En substance, il a expliqué qu’ensuite de sa participation à diverses émissions radiophoniques ou télévisées se rapportant à la question de l’internement à vie des délinquants dangereux, un inconnu, identifié sous le pseudonyme de « [...] », avait publié, sur le site internet « [...] », un commentaire portant atteinte à son honneur et constituant une menace contre sa personne au sens de l’art. 259 CP.
B. Par ordonnance du 9 mai 2014, le Ministère public central, division affaires spéciales, contrôle et mineurs a décidé de ne pas entrer en matière sur la plainte.
Le procureur a considéré que les propos de l’inconnu « [...] », quoique inconvenants et démesurés, avaient été tenus dans un contexte de débat public portant sur un sujet polémique et passionnel, de sorte qu’ils n’étaient pas propres à faire apparaître le plaignant comme un être humain méprisable. Il a également exposé que l’écrit litigieux ne constituait pas une provocation ou une incitation au sens de l’art. 259 CP car il n’était pas de nature à véritablement déclencher une infraction avec violence contre l’intégrité corporelle du plaignant.
C. Par acte du 21 mai 2014, R.________, par l’intermédiaire de son conseil, a recouru contre cette ordonnance en concluant sous suite de frais et dépens à son annulation et au renvoi du dossier de la cause au Ministère public central, division affaires spéciales, contrôle et mineurs pour qu’une instruction soit ouverte.
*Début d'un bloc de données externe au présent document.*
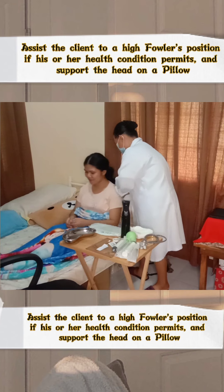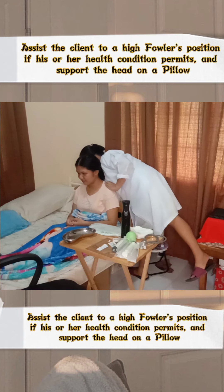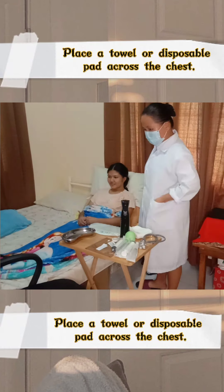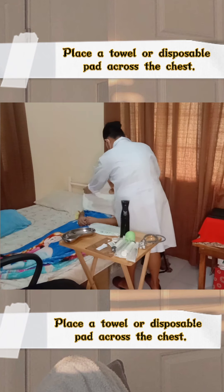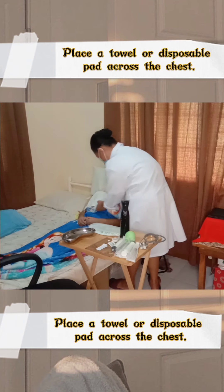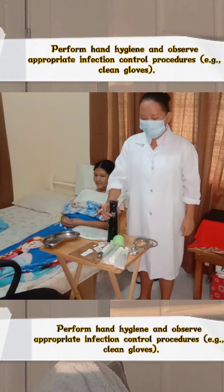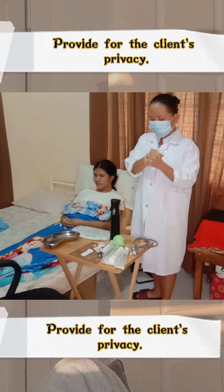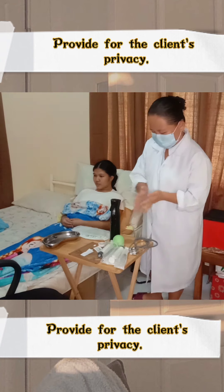Assist the client to a high-Fowler's position if her health condition permits and support the head on a pillow. Place a towel or disposable pad across her chest. Perform hand hygiene and observe appropriate infection control procedures such as using clean gloves. Then provide for the client's privacy by closing the curtains or the door to the room if possible.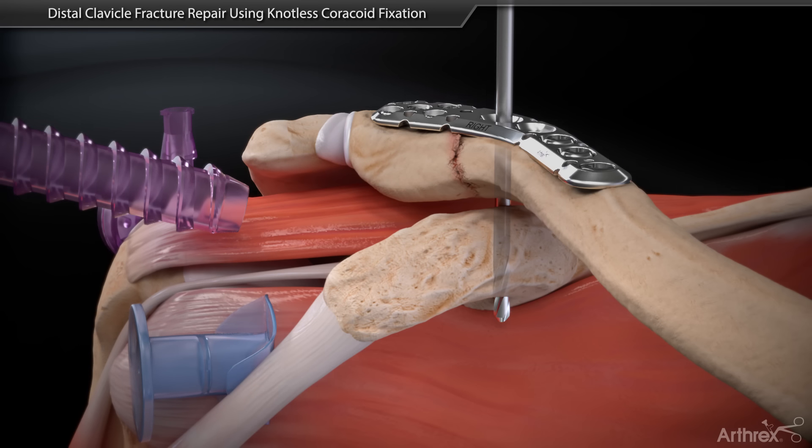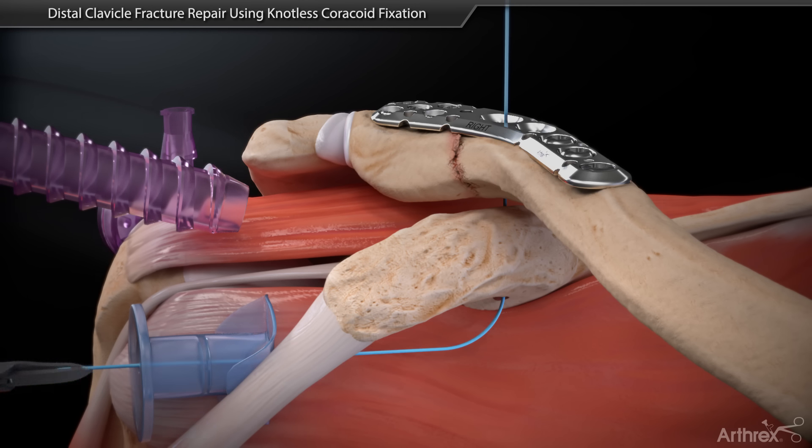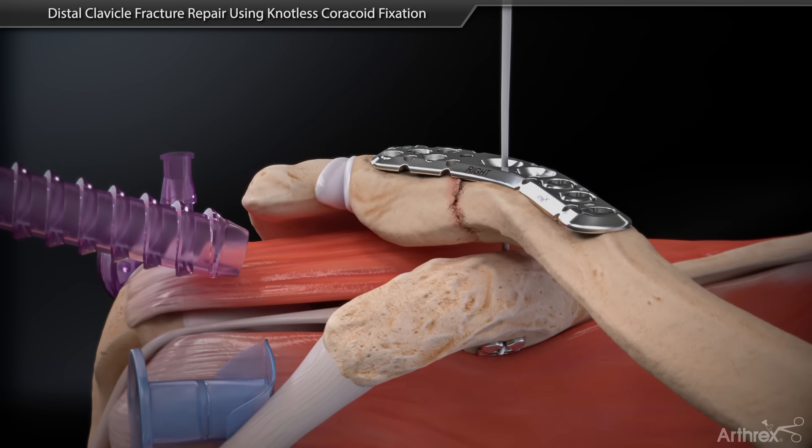Remove the guide and retrieve a fiber stick through the drill. Shuttle the knotless tightrope loops through the bone tunnels and attach a dog bone button to the loops. Shuttle the loops until the dog bone button seats at the base of the coracoid.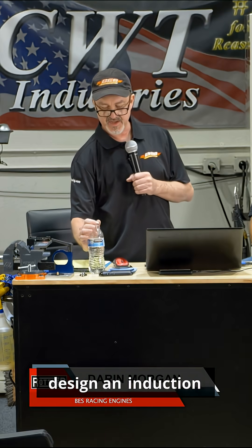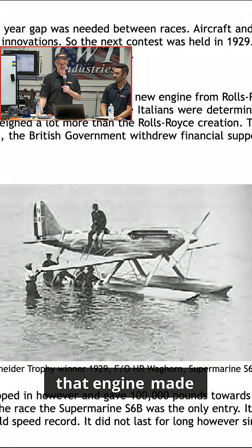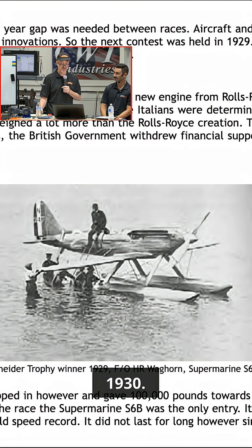Harold Bettis once told me, if you want to learn about how to design an induction system and an engine, just study World War II. This aircraft you see right there — that engine made 3,000 horsepower on the dyno in 1930.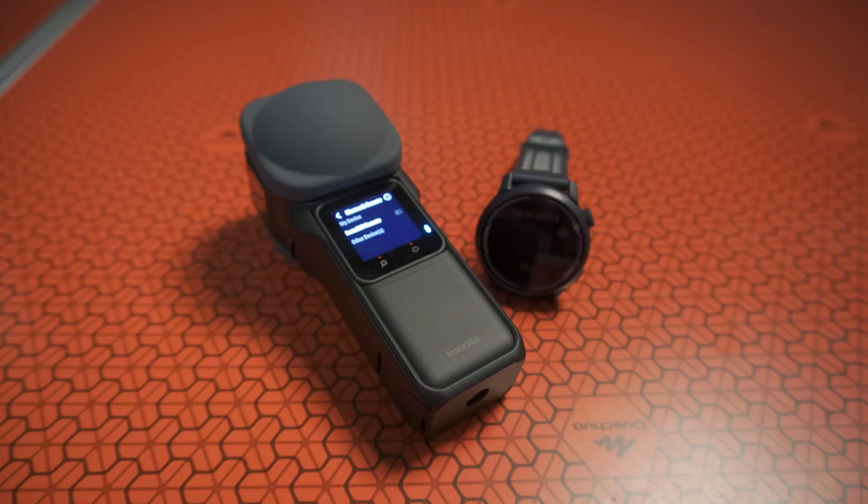Insta360 also has this function implemented on Garmin watches, so if you have a newer Garmin GPS watch, perhaps you can try it on your camera too. All the best, good luck, and have fun with your camera — cheers!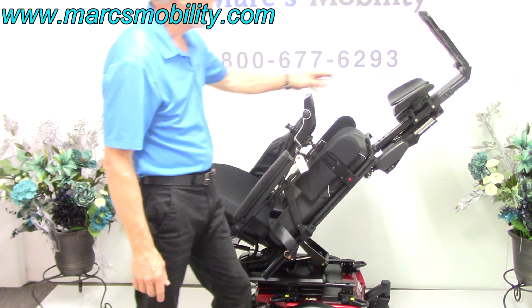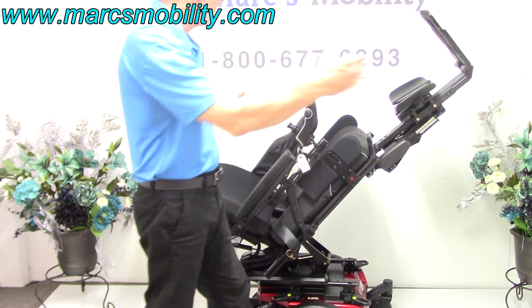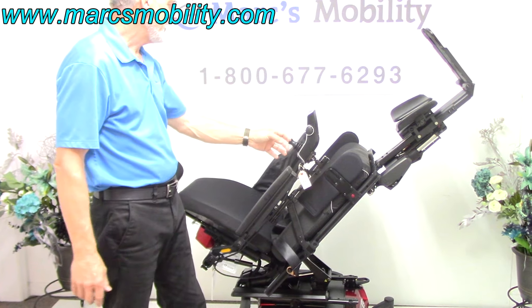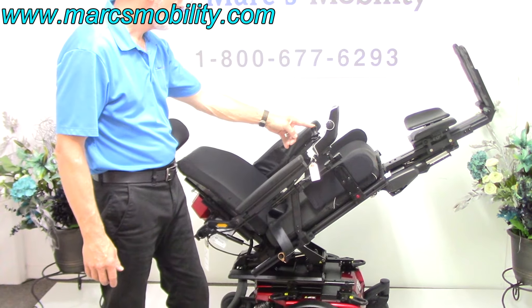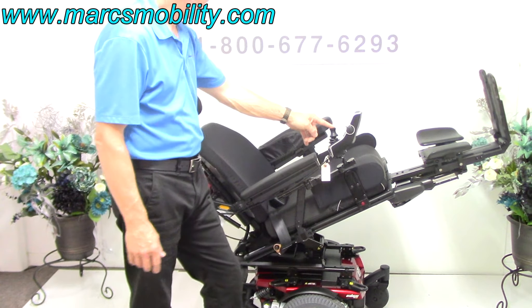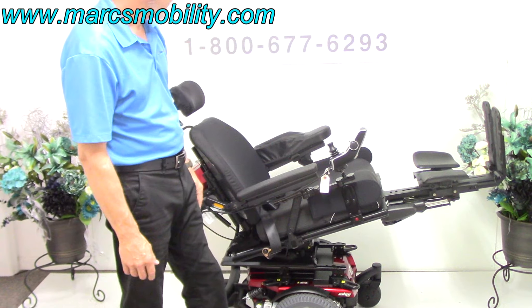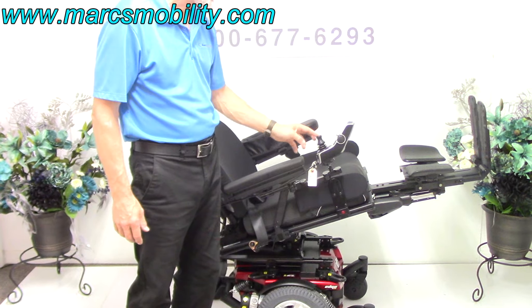These legs are also adjustable — whether you're five feet or six foot two, we can adjust the length. For circulation, this position is a bit extreme. You can actually do it from a less tilted position, and you'll still get the circulation benefit.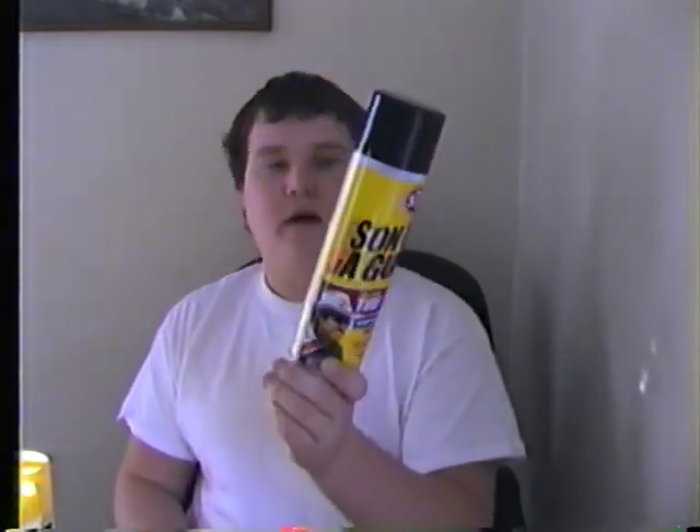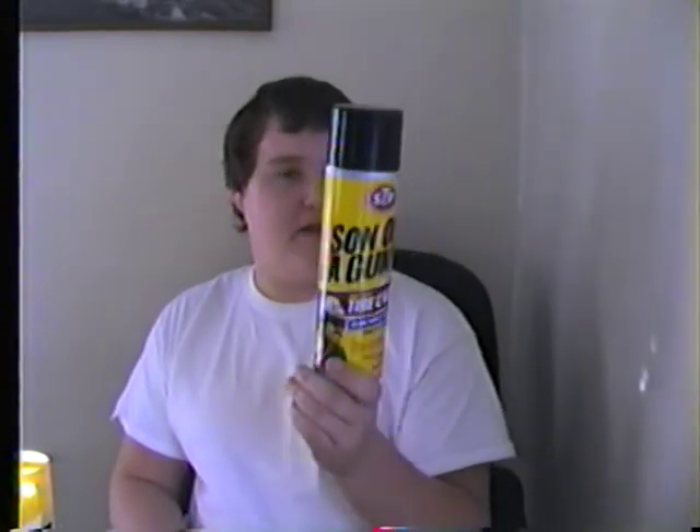Some of the best tire shine, protectant, and cleaner in one step is this — it's an Armor All product but it carries the STP name on it. All you have to do is spray it on the tire and let it sit. What I do is clean the tire first with a multipurpose cleaner — LA's Totally Awesome multipurpose cleaner and degreaser from Family Dollar for a dollar. That works good for removing salt and stuff off the car, and it gives tires and rims a brand new look. Then this STP Son of a Gun — no buffing, no wiping at all — you spray it on and it gives a really good shine that lasts the longest. It's in an aerosol can and was only about two-something.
Invité à se déterminer, le procureur a renoncé à se prononcer et s’est référé aux considérants de sa décision.
En droit :
1. Interjeté dans le délai légal (art. 322 al. 2 CPP, auquel renvoie l'art. 310 al. 2 CPP, et 396 al. 1 CPP) contre une décision du Ministère public (art. 393 al. 1 let. a CPP), par la partie plaignante qui a qualité pour recourir (art. 382 al. 1 CPP) et dans les formes prescrites (art. 385 al. 1 CPP), le recours est recevable.
2.
Conformément à l'art. 310 let. a CPP,
le Procureur rend immédiatement – c'est-à-dire sans qu'une instruction soit ouverte
– une ordonnance de non-entrée en matière lorsqu'il apparaît, à réception
de la dénonciation
(cf. art. 301 s.
CPP) ou de la plainte (Cornu, in : Kuhn/Jeanneret [éd.], Commentaire romand, Code de procédure
pénale suisse, Bâle 2011, nn. 1 et 2 ad art. 310 CPP) ou après une procédure préliminaire
limitée aux investigations de la police (art. 300 al. 1 et 306 s. CPP), que les éléments
constitutifs d'une infraction ou les conditions d'ouverture de l'action pénale ne sont manifestement
pas réunis (TF 1B_709/2012 du 21 février 2013 c. 3.1 ; TF 1B_67/2012 du 29 mai 2012 c.
2.2).
3. Le recourant fait d’abord valoir qu’il ne s’est pas exprimé en qualité de politicien ou dans un contexte similaire, mais en tant que juriste sollicité pour informer le public profondément troublé par une décision judiciaire.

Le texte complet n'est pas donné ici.